I turned to face him. I wouldn’t be the coward that couldn’t look him in the eye. My heart constricted at the sight of tears staining his cheeks. He’d cried with me, with sorrow over the pain he’d caused me.
I sat in the tub, the bubbles so thick they hid me from view. His hands gripped the edge of the bath, knuckles white with the effort of keeping himself from touching me. His bandage was soaked, a drop of blood showing.
A part of me hated what I was about to do, but I was a person that could only ever do what came naturally. I reached for his hand. I saw pain in his eyes, white hot and searing. He was hurting more than me. I hadn’t realised it until then, but it was true. His actions had always been more painful for him than for me.
Carefully, I unravelled the soaked bandage, revealing three small stitches along the back of his hand. The bleeding had already stopped. I stroked a gentle finger over the wound, evidence of the damage he’d done to us.
I didn’t bother to hold back the sob that rose in my throat.

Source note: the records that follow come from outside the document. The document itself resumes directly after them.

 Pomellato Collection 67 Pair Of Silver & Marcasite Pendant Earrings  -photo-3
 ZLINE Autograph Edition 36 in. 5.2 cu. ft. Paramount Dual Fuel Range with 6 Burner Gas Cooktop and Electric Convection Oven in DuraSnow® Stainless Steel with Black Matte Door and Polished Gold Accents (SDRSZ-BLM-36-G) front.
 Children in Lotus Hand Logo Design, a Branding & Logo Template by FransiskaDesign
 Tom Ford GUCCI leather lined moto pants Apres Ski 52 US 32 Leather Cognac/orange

He pressed his forehead to mine and I let him give me this intimacy, this comfort that soothed the part of me he’d hurt so deeply.
He held me in that silence, barely touching me and when another tear rolled down my cheek, he kissed it away.

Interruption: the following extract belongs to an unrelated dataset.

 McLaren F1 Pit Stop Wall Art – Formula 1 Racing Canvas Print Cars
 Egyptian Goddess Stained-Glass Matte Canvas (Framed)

Eventually, when it felt easier to breathe, I pulled away. I knew I looked like hell, dark circles around my eyes and my face puffy from crying, but he looked at me like I was beautiful.
It would be so easy to sweep this away like I used to do. But I couldn’t. There were no shortcuts through this kind of pain. You had to face each and every ugly corner of it, mend the broken parts and hope at the end what you had was still functioning.
I lifted my chin, facing Alfie head on. “So, talk.”
“The cameras.”
I closed my eyes. Just the thought of them disgusted me.
“I want you to know they’ve been removed, every single one of them.”
I didn’t respond. Was I supposed to say thank you?
“I want you to know that I never filmed private moments. There were no cameras in any bathrooms, I never watched you dressing or…anything else.”
I opened my eyes, seeing the truth in his face. I felt some relief, not completely but some. At least I still had some dignity intact but it didn’t erase what he’d done.
“Is this the part where you justify what you did? Where you make it make sense? Go ahead, Alfie. Make it make sense. Make me understand how you could do that after what Adam did to me.” My voice cracked over the words and I didn’t bother trying to hide it.
“There’s no justifying what I did.” He touched the braided ribbon on his wrist, his thumb stroking over it the way I did with my mum’s necklace. The action tugged on the shrapnel in my chest, but it didn’t pull me to forgive him.
“All I can tell you is that when I had them put in place, I was in my darkest time. You know what a twisted man I was back then.” I watched him try to find the right words. I wondered how many times he’d rehearsed this speech. “In the beginning, I convinced myself that they were to keep you safe.”
“Safe from what?”
“From the same reason that you needed kidnap and ransom insurance. I know you never think about the realities of my life, but being connected with me puts you in a vulnerable position. In the beginning, I told myself it would just be a security team. They’d follow you, just in case and you’d never know. It escalated from there.” He swallowed, the motions of his throathypnotising to me. Even after all this time, it was still so hard not to get lost in looking at him. Such a dangerous beauty. “It was just one camera, then another, then another…”
I stared at him, trying to wrap my mind around what he was telling me but I didn’t want to. I didn’t want to understand, understanding was condoning and condoning meant he might do it again.
“They were an addiction formed by a broken man. They kept me sane while we were apart and when you came back into my life I knew I should stop them but I was too scared. They were my safety net, just in case I lost you again.”
I felt the weight of his stare, deep and scrutinising. Searching for what? Forgiveness? Hope? I wondered what he saw on my face. Pain? Anger? Or was I the soulless statue he’d once been?